The article had very interesting points with regard to different patterns of male vs female GH release and response, and the information on steadier lower levels, for same total amount, being much less desirable than rapid high peaks. And the information that IM gives higher peaks, combined with that, is a good reason for preferring the IM, at least as a better bet, even if the relative bioavailability measurements suffer from systematic error as I suspect is highly likely. (A lot of published scientific articles have errors in them, by the way. It’s not unusual at all, unfortunately.)

But as a caveat before considering it proven better, the article also states:

“While GH delivery was vastly improved with intramuscular injections, IGF-1 concentrations were no different between subcutaneous versus intramuscular injections following the same (single) dose.
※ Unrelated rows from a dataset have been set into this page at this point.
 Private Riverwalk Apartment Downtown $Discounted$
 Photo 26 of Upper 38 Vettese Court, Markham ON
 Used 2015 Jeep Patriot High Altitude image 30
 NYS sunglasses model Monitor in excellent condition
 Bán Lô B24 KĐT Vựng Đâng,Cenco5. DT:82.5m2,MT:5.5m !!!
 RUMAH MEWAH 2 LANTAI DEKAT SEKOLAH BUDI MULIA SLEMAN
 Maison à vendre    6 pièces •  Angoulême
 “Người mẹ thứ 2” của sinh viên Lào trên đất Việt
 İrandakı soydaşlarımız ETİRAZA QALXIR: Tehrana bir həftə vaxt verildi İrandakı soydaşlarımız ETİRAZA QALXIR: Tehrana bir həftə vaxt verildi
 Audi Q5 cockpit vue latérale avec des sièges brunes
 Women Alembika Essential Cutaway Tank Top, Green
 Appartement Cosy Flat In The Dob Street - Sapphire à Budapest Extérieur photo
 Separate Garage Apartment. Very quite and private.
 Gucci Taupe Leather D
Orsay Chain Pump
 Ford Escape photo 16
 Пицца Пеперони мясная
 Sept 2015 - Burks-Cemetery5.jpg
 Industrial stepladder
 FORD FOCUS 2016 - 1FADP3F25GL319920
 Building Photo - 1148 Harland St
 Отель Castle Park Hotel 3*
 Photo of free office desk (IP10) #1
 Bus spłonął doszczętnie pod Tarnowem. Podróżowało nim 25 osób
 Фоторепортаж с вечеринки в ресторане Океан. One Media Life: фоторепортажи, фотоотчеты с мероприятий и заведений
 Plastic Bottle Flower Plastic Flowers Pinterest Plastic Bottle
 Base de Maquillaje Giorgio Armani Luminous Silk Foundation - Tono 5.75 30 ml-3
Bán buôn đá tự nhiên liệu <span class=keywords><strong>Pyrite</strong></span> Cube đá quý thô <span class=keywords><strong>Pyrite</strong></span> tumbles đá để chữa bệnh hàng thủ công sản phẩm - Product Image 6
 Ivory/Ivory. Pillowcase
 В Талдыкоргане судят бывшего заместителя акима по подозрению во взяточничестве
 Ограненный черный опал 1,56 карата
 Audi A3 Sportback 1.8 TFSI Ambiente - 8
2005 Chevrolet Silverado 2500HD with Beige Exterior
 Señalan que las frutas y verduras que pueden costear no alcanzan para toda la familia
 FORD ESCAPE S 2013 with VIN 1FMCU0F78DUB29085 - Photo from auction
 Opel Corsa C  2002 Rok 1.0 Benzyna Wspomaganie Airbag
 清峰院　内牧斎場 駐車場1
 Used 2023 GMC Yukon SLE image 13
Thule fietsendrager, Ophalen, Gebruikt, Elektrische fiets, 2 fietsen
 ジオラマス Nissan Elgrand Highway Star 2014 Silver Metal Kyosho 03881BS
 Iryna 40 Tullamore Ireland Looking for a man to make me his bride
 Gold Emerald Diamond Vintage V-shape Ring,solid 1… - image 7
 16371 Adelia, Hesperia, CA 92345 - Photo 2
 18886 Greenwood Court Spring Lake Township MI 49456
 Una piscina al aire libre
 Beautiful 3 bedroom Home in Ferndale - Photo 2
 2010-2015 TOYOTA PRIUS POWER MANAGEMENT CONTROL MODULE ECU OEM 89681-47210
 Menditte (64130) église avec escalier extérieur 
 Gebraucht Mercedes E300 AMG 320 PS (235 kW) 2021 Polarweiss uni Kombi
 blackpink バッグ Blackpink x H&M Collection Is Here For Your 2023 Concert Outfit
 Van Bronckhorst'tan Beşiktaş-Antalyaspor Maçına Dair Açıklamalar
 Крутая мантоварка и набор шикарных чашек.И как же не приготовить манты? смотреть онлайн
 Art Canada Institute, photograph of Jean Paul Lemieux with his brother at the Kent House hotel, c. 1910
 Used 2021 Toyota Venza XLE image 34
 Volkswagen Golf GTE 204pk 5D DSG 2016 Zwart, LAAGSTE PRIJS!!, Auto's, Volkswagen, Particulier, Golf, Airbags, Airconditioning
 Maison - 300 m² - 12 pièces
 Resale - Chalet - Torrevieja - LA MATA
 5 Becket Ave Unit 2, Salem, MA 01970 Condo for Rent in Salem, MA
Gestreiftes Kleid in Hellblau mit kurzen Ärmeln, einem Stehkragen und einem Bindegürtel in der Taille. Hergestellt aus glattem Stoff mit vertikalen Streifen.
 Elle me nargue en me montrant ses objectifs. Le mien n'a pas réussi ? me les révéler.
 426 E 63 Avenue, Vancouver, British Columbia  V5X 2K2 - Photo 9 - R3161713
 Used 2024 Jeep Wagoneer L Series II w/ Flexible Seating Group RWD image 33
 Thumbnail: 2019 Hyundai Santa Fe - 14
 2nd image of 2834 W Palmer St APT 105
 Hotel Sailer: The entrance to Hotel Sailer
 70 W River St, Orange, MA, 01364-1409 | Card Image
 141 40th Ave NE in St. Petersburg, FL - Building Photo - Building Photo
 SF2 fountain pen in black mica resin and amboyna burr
Thus, it is unclear at this time whether intramuscular administration would provide any anabolic or tissue repair benefits. Hopefully, further research will clarify this point with long-term studies.”

(The IGF-1 concentrations being no different is another reason to suspect error in the measurements of AUC being different between IM and sub-Q. If there were a real difference, then why same IGF-1?)

Final note: I had a previous version of this post that was fucked up. If you read that, and now see this, that’s why this replaces that.